1. Cold Spring Harbor Laboratory Press. (2004). Examples of global and local alignments of two proteins. Retrieved November 23, 2011, from bioinformaticsonline.org: http://www.bioinformaticsonline.org/ch/ch03/supp-1.html

2. Juvenile Diabetes Research Foundation International. (2010). Algorithm. Retrieved December 08, 2011, from JDRF Web Site: http://www.artificialpancreasproject.com/about/algorithm.html

3. Khatib, F., Baker, D., & al., e. (2011, September 18). Crystal structure of a monomeric retroviral protease solved by protein folding game players . Nature Structural & Molecular Biology .

4. NCBI. (2004, March 29). Primer. Retrieved October 10, 2011, from NCBI.gov: http://www.ncbi.nlm.nih.gov/About/primer/bioinformatics.html

5. Needleman, S., & Wunsch, C. (1970). A general method applicable to the search for similarities in the amino acid sequence of two proteins. Journal of Molecular Biology , 443-453.

6. Rouchka, E. C. (2001). Needleman- Dynamic Programming Tutorial. Retrieved November 18, 2011, from Eric Rouchka Dynamic Programming Web Site: http://www.avatar.se/molbioinfo2001/dynprog/dynamic.html

7. University of Washington. (2011, November). Foldit Solve Puzzles for Science. Retrieved December 02, 2011, from Foldit Web Site: http://fold.it/portal/info/science

8. University of Washington. (2010, November 2010). Rosetta@home.

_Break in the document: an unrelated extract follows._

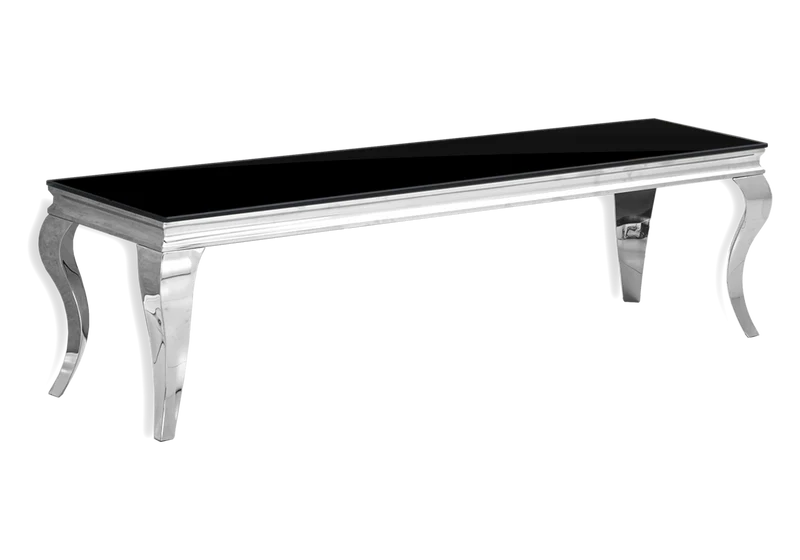 Meuble TV verre noir design argent - Neo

Retrieved December 02, 2011, from Rosetta@home Web site: http://boinc.bakerlab.org/rosetta/

9. Wellcome Trust Sanger Institute. (2011, May 03). History. Retrieved November 18, 2011, from Wellcome Trust Sanger Institute Web Site: http://www.sanger.ac.uk/about/history/hgp/#tabs-3

10. Wikipedia. (2011, November 1). Genome. Retrieved November 15, 2011, from Wikipedia.org: http://en.wikipedia.org/wiki/Genome

11. Zvelebil, M. J., & Baum, J. O. (2008). understanding bioinformatics. New York, NY: Garland Science.